Her professional experience inspired her to find her own journal and nonprofit research institution. “I decided to establish the Strategic Trade Review because I saw a need and did not want to wait for someone else to fill it,” she said. “There was no coordination or efficiency linking researchers working on strategic trade. The mission of the journal is to bring knowledge together and advance the state of the field.”
In teaching her strategic trade policy class at the Schar School, Viski expressed her excitement to revisit the readings that inspired her career and further interest in the field.
“I wanted to steer the class towards international law and nonproliferation,” she said. “This seemed like a new challenge and an opportunity to further education in strategic trade.”

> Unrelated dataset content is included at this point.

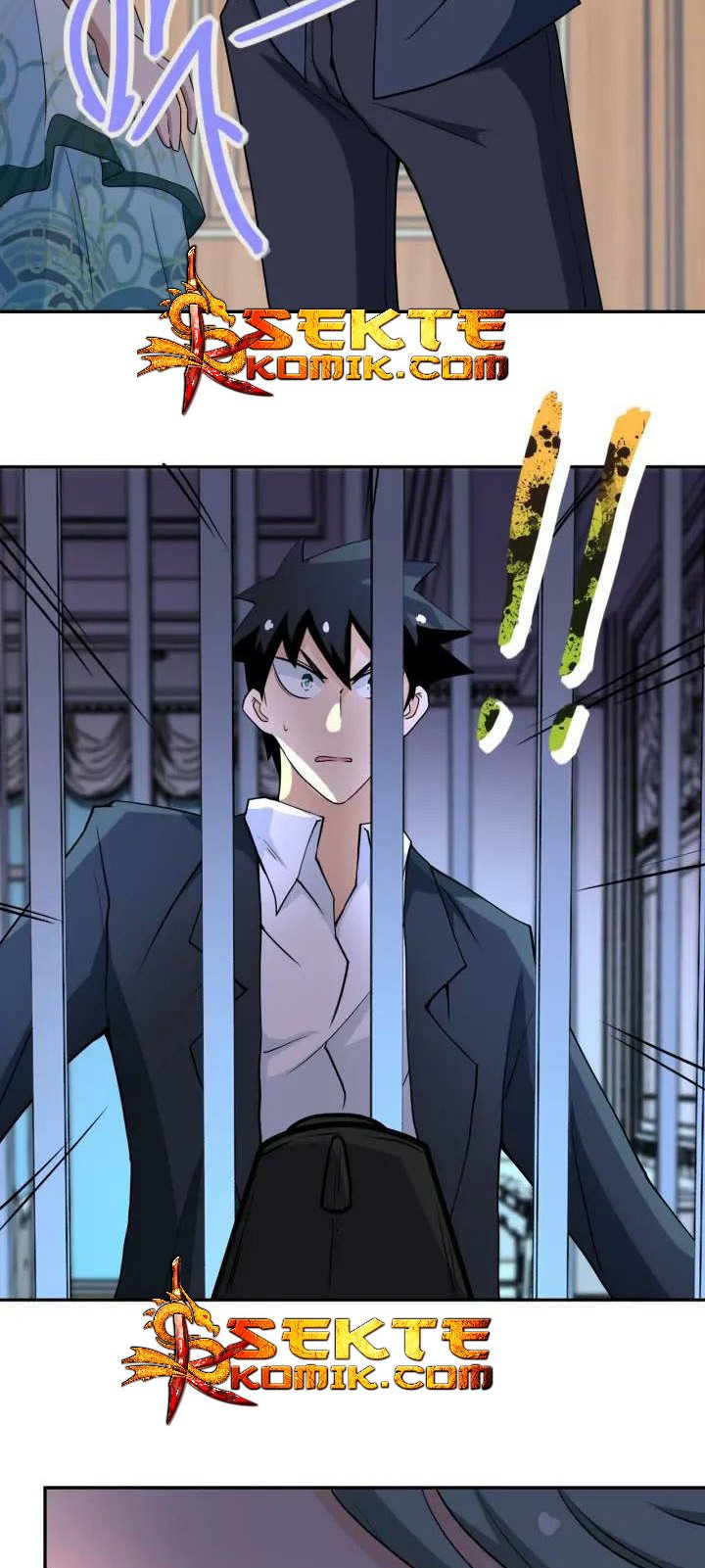 Super System Chapter 74 - halaman 22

International Commerce and Policy program director Ken Reinert said, "The new Certificate in Strategic Trade will help interested students and professionals pursue jobs in trade compliance, export controls, and dual-use trade controls in both the public and private realms.”

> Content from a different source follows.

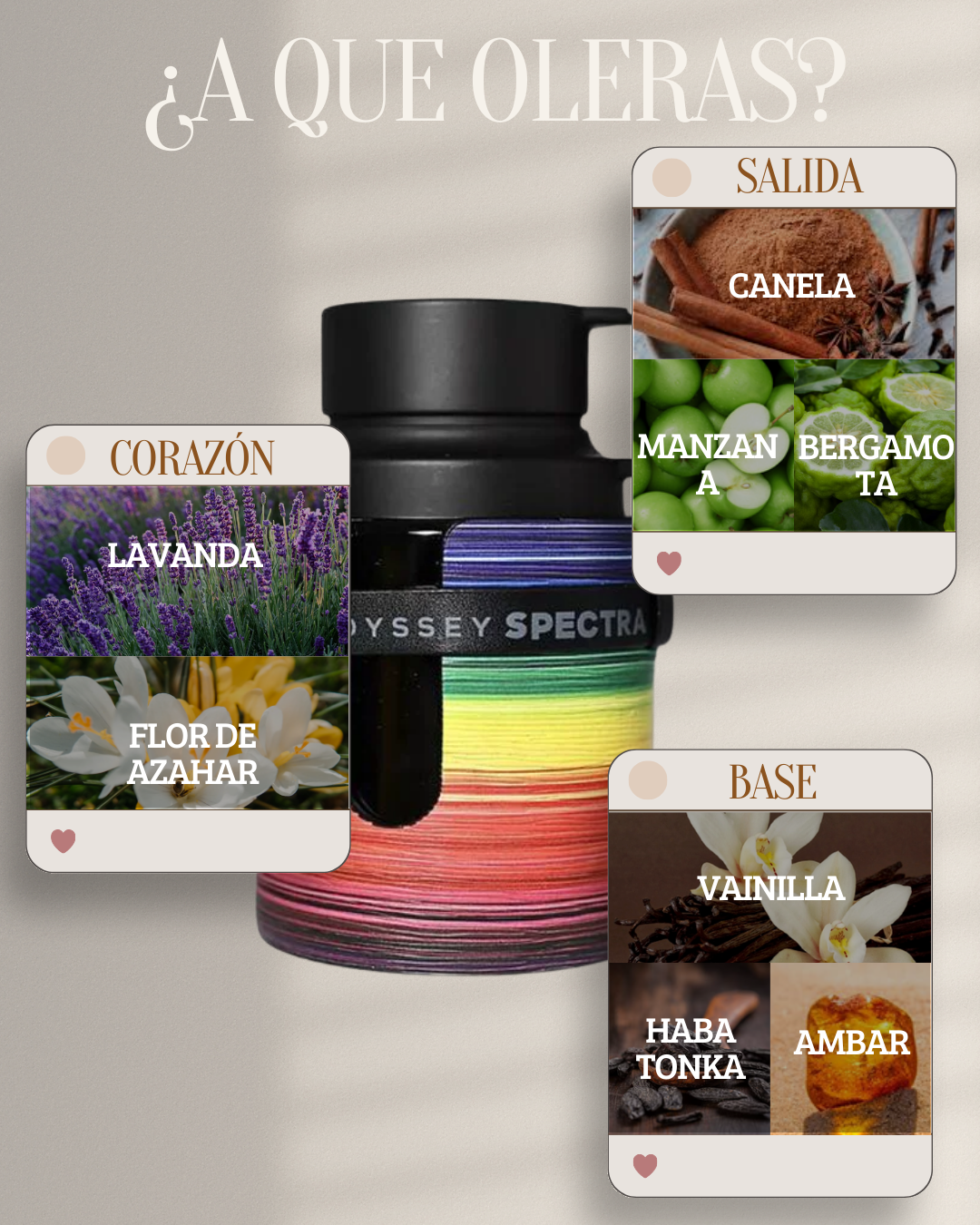 ODYSSEY SPECTRA + PERFUMERO | SEDUCCIÓN Y ATRACCIÓN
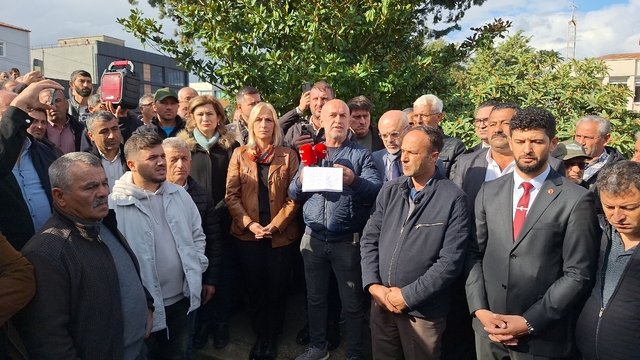 Samsun'da çiftçiler sulama birliklerinin fiyat artışına tepki gösterdi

The strategic trade certificate program is the ninth graduate certificate in the Schar School’s portfolio of programs. Completion of the certificate requires five courses (15 credits), including one core course in Strategic Trade Controls, and the choice of four electives in a range of topics including nuclear nonproliferation, national security technology, illicit trade, arms control, and global trade relations.

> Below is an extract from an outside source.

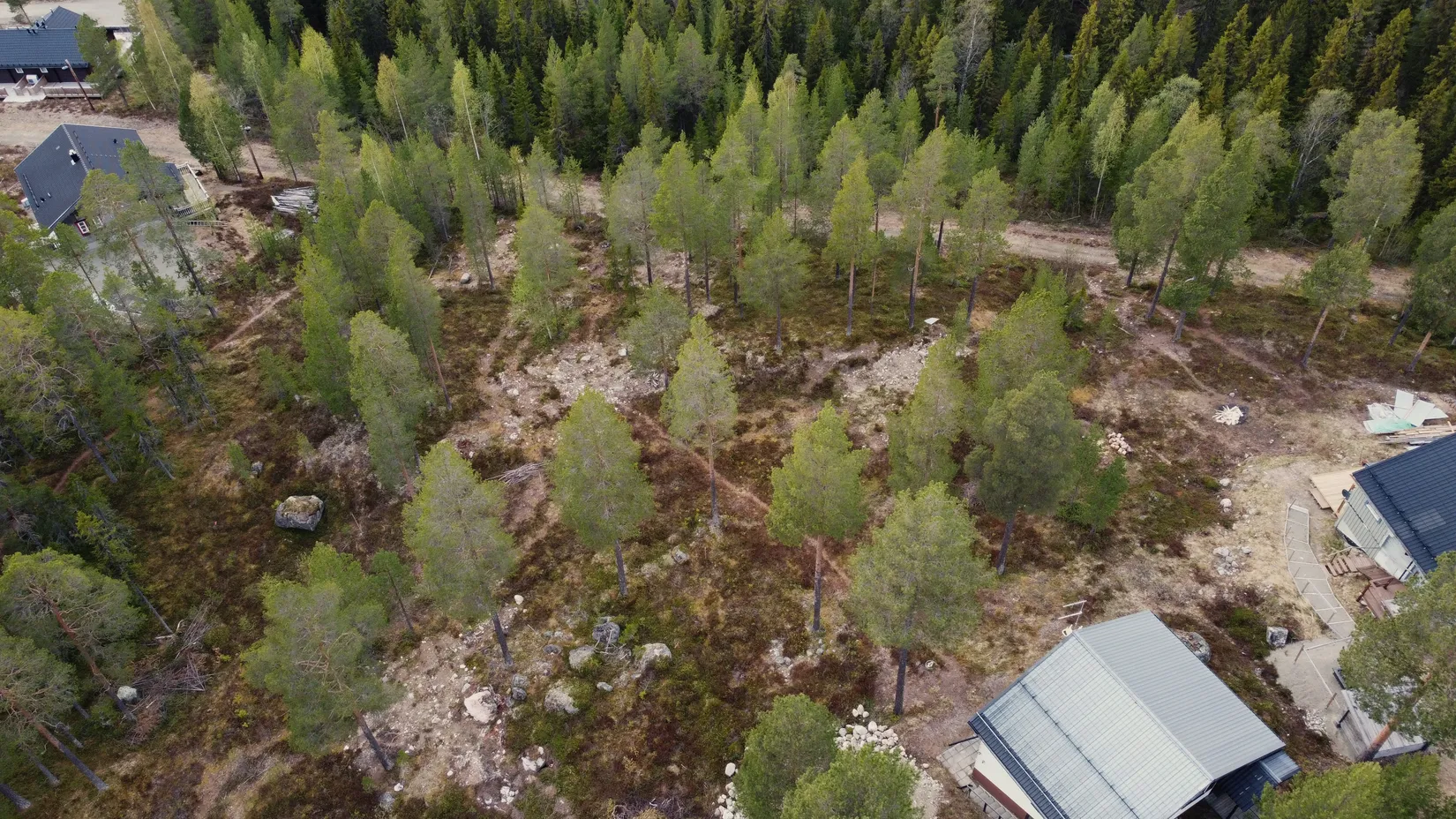 Tomt, Vemdalens kyrkby 43:584, Härjedalen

“One of the academic benefits of the Schar School’s certificate programs is how easy it is to begin with a certificate, earn that credential to bolster your resume, and then continue your studies by pursuing a master’s degree with those five completed certificate courses counting towards your master’s program,” said Reinert. “That complimentary curriculum between the graduate certificate programs and master’s degree programs provides such value with time and tuition expense.”
The Master’s in International Commerce and Policy curriculum “is unique in how it explores international business, international relations, and public policy as interconnected and critical in the global economy,” Reinert said. “Unlike MBA or international business programs, this degree prepares you for a much broader range of careers in the world marketplace, and that adaptability will be critical to students as new technological, political, and cultural aspects of our world continue to change. We designed the Certificate in Strategic Trade with this same mindset—to position our students for career success in a rapidly evolving global economy.”
The Certificate in Strategic Trade will admit its first cohort of students for the Fall of 2020 semester. This program does not require GRE or GMAT test scores for admission. To learn more about the Schar School’s programs and how to apply, sign up for information here, or contact the Schar School’s Office of Graduate Admissions at firstname.lastname@example.org.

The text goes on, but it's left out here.